→ **THE PROBLEM**
Extract the opening line of the entries and every line after it, stopping at and including the line that contains "harmaa Opel Mokka 2017 kuva 24.". Do not include pictures.

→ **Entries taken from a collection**
= Beginning of Section =

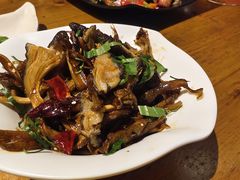 -隔壁老王·家常云南菜(花巷店)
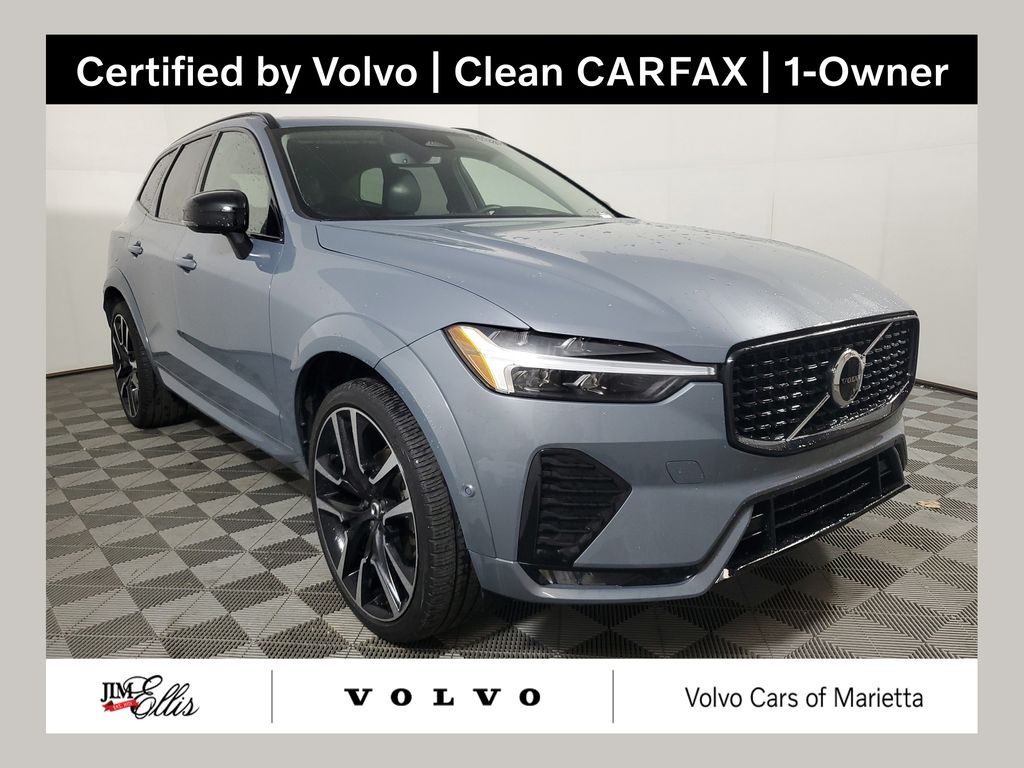 2024 Volvo XC60 B5 Ultimate Dark Theme AWD's photo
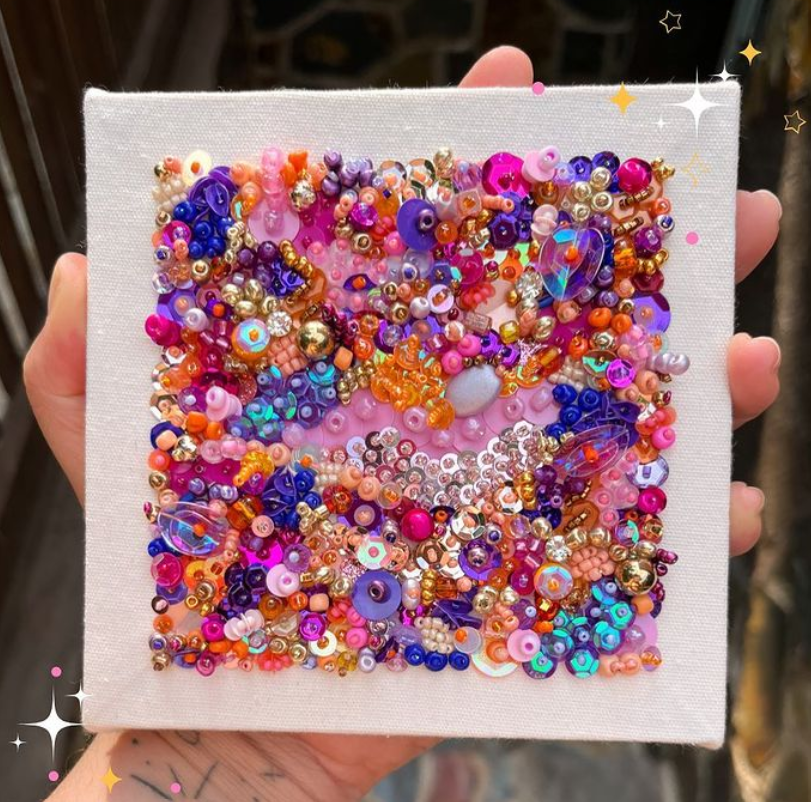 We know you love round hoop. But what about an other shape? We love this square project! IG:stitched_bysoph #embroidery #square #beading #beads #sequins #craft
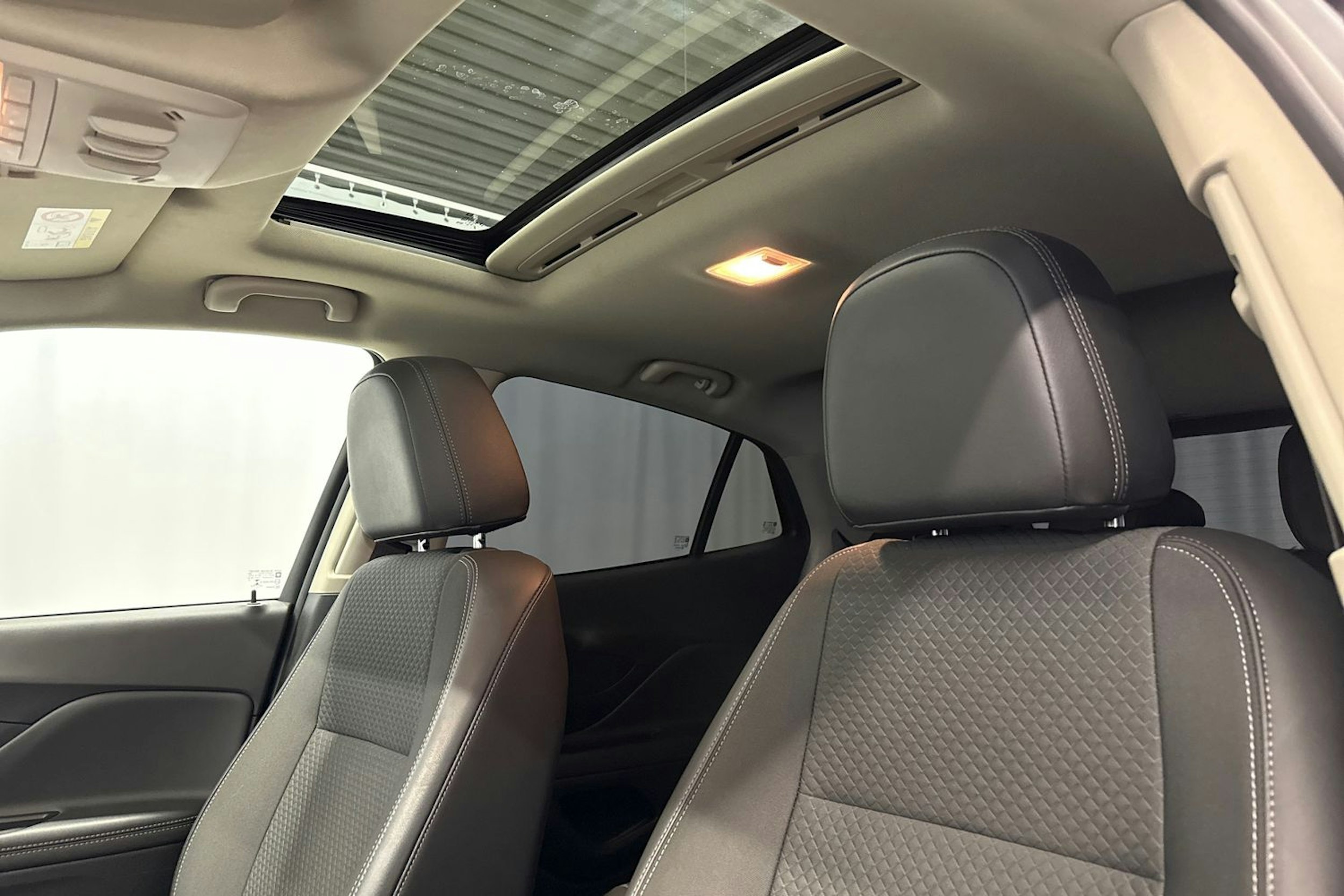 harmaa Opel Mokka 2017 kuva 24.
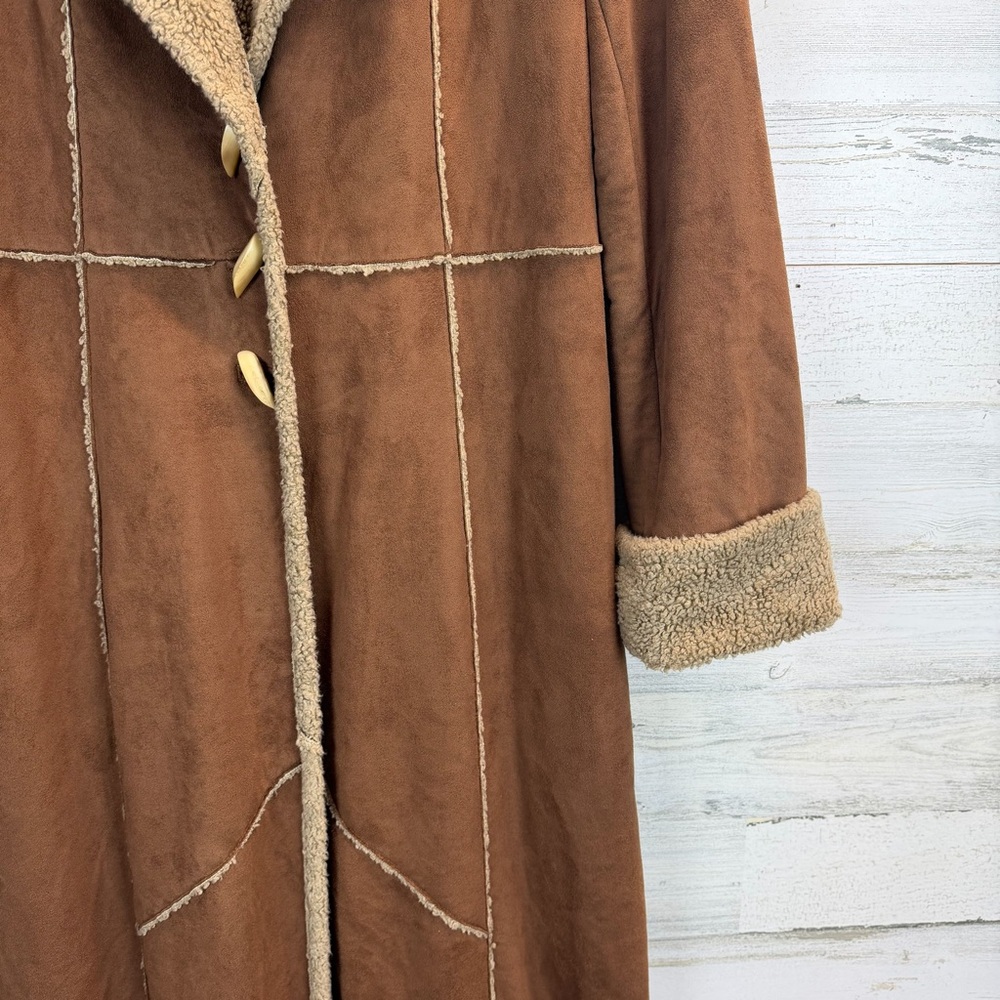 Dana Buchman Shearling Long Coat 10 Boho Rustic Toggle Faux Suede Penny Lane - Picture 11 of 15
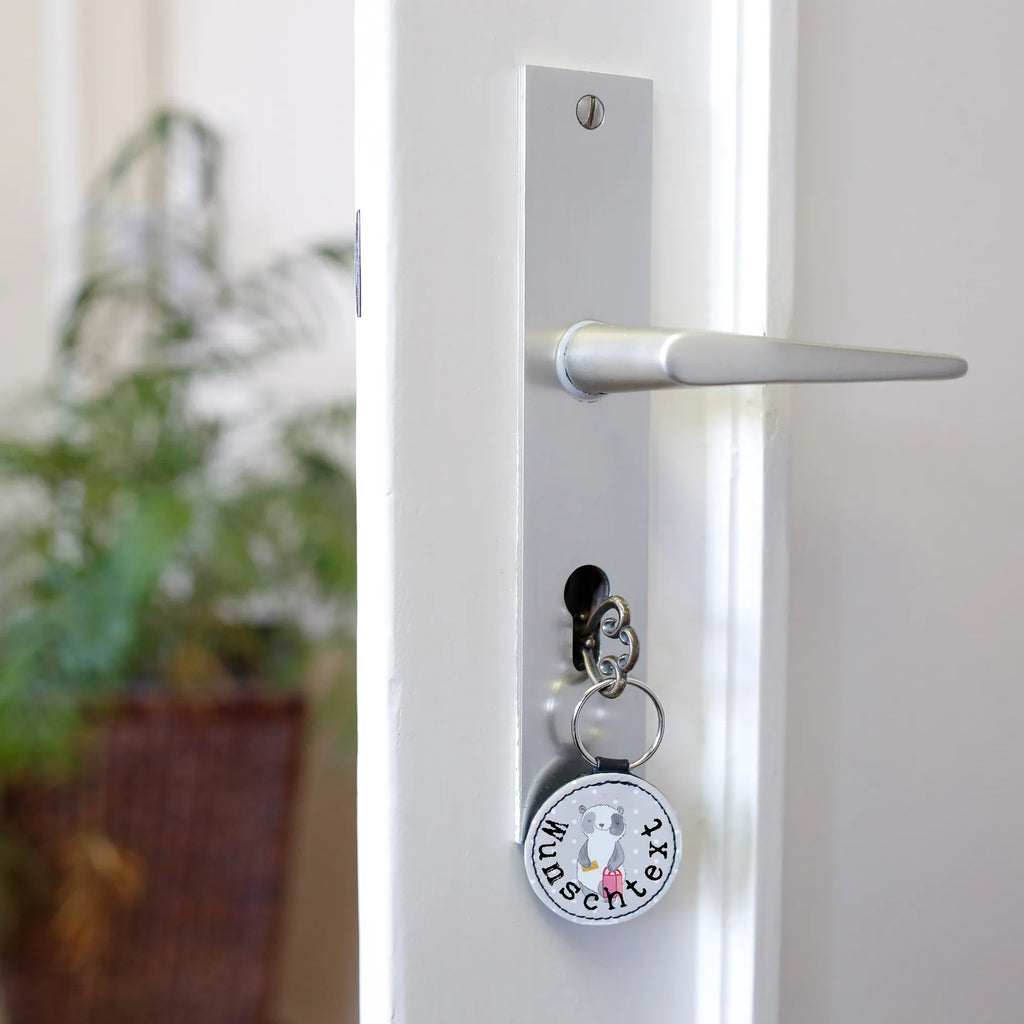 Personalisierter Schlüsselanhänger Panda Shopping Personalisierter Schlüsselanhänger, Schlüsselanhänger Mit Initialen, Schlüsselanhänger Für Paare Mit Wunschtext, Schlüsselanhänger Mit Spruch, Freundschafts Schlüsselanhänger Mit Namen, Schlüsselanhänger Für Auto Mit Wunschtext, Schlüsselanhänger Für Frauen Mit Wunschtext, Schlüsselanhänger Für Haus Mit Gravur, Metall Schlüsselanhänger Mit Namen, Schlüsselanhänger Bedruckt, Schlüsselanhänger Vintage Mit Gravur, Schlüsselanhänger Mit Wunschtext, Schlüsselanhänger Für Kinder Mit Namen, Schlüsselanhänger Mit Datum, Schlüsselanhänger Mit Botschaft, Schlüsselanhänger Liebevoll Gestaltet, Schlüsselanhänger Mit Herz Und Gravur, Schlüsselanhänger Mit Text, Schlüsselanhänger Aus Leder Mit Gravur, Schlüsselanhänger Mit Namen, Schlüsselanhänger Mit Widmung, Schlüsselanhänger Modern Mit Namen, Schlüsselanhänger Aus Holz Mit Wunschtext, Handgemachter Schlüsselanhänger Mit Wunschtext, Partner Schlüsselanhänger Personalisiert, Schlüsselanhänger Mit Gravur, Schlüsselanhänger Geschenk Personalisiert, Schlüsselanhänger Für Männer Mit Gravur, Schlüsselanhänger Mit Koordinaten, Filz Schlüsselanhänger Mit Text, Schlüsselanhänger Selbst Gestalten, Schlüsselanhänger Individuell, Geschenk, Sport, Sportart, Hobby, Schenken, Danke, Dankeschön, Auszeichnung, Gewinn, Sportler, shoppen, einkaufen, Shopping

= End of Section =

→ **RESULT OF THE TASK**
 -隔壁老王·家常云南菜(花巷店)
 2024 Volvo XC60 B5 Ultimate Dark Theme AWD's photo
 We know you love round hoop. But what about an other shape? We love this square project! IG:stitched_bysoph #embroidery #square #beading #beads #sequins #craft
 harmaa Opel Mokka 2017 kuva 24.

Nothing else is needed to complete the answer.